January 3, 2023   7 mins

Education, writes Roberto Calasso in The Ruin of Kasch, comes with a paradox: “it consists above all of things that cannot be learned — or of things that represent what cannot be learned.” Calasso drops the remark almost in passing, and without much further explanation. While he himself was an eminent product of the Italian system of humanist education (still one of the best anywhere), and lectured at major universities around the world, throughout his life Calasso held a fundamental distrust towards the university as an institution. He would advise youth of intellectual promise not to go to university, because a sterile academic imprint could be dangerous to the more open-minded”. While formal education may play a role in formulating the big questions, it is unable to answer them. Indeed, these questions are of such a nature that we cannot learn their answers from someone else; we need to discover them within ourselves.

For about 40 years, between the early Eighties and his death in 2021, Roberto Calasso produced a body of bewilderingly interdisciplinary work combing such fields as literary studies, political theory, religion, anthropology, philosophy, and art history, and dedicated to topics as diverse as Kafka, Tiepolo, Baudelaire, the French Revolution and the Bible, not to mention the Indian, Greek, and Sumerian mythologies. One wonders if there is anything Calasso did not write or know abundantly about. The result is a series of over a dozen closely interrelated books, starting with The Ruin of Kasch (1983) and ending with Under the Eyes of the Angel, which he was still working on when he died and was published in 2022. When the former came out, Italo Calvino, in an attempt to summarise it, observed that the book was about two main subjects: the first was the French diplomat and politician Charles-Maurice de Talleyrand-Périgord, and the second, tutto il resto (“everything else”). Calvino failed in his attempt, then, but he does get his point across succinctly: that it is almost impossible to state what exactly the book is about. And that has been the case with most of Calasso’s work ever since.

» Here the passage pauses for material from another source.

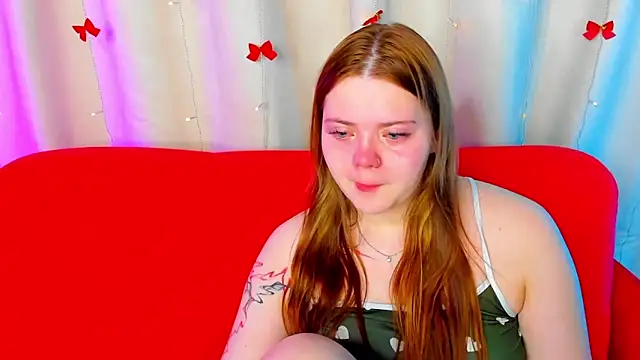 Czat XXX na żywo – KellyFiery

Nevertheless, whatever they may focus on, Calasso’s books very often revolve around one central topic: sacrifice. For him, sacrifice is what ties humans to the gods, what brings order into the world and meaning into our lives. In the many mythological traditions that he explores, the cosmos — and the humans within it — came into existence through a primordial sacrificial gesture. That act needs to be constantly re-enacted, through ritual and ceremonies, for the ties between Earth and Heaven to be maintained. Christians partake in such a ritual every time they attend Mass.

Yet for Calasso, sacrifice is not only religious. Indeed, before being a religious event or sacramental practice, sacrifice is life at its most fundamental. In an illuminating interview for The Paris Review, Calasso sketches a philosophy of sacrifice that casts a helpful light on some of the main arguments of his work. The fact is, observes Calasso, that we have “a surplus of energy” which we have to “dispose of”. It all starts with that excess.

“That surplus is simply life. There is no life without surplus. Whatever one does with that surplus, that decides the shape of a culture, of a life, of a mind. There were certain cultures that decided they had to offer it in some way. It is not clear to whom, why, and how, but that was the idea.”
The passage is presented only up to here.